COLLECTED DATA Start Marker

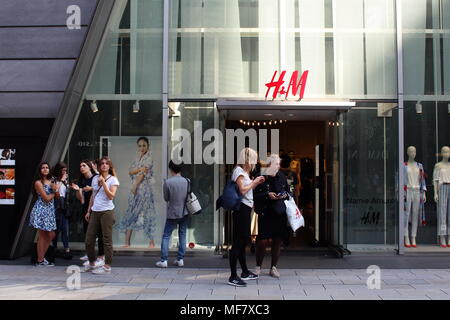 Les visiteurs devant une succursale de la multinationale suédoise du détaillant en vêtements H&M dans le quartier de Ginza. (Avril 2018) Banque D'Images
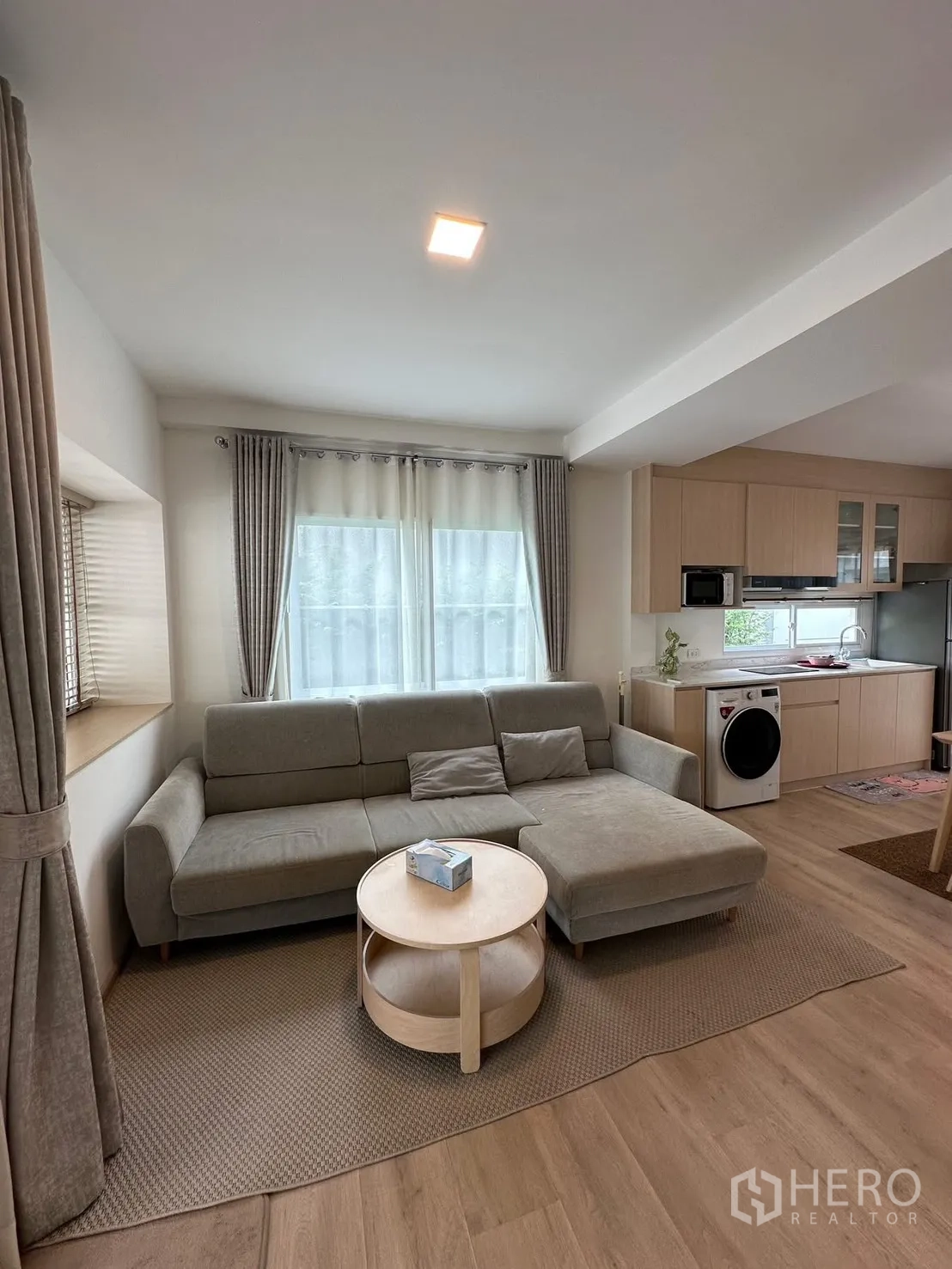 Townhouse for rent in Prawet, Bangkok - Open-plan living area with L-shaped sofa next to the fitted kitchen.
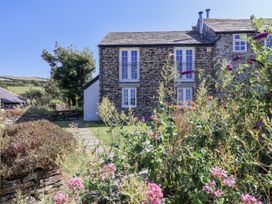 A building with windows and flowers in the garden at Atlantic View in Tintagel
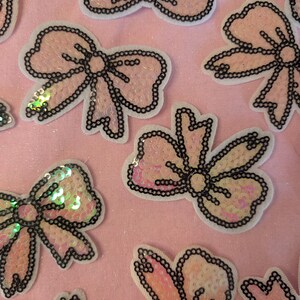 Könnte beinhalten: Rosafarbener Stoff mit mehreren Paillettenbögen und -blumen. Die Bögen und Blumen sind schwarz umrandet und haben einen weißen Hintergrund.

COLLECTED DATA End Marker

Pictures excluded, copy the lines exactly from where the material starts to the line with "A building with", inclusive.

 Les visiteurs devant une succursale de la multinationale suédoise du détaillant en vêtements H&M dans le quartier de Ginza. (Avril 2018) Banque D'Images
 Townhouse for rent in Prawet, Bangkok - Open-plan living area with L-shaped sofa next to the fitted kitchen.
 A building with windows and flowers in the garden at Atlantic View in Tintagel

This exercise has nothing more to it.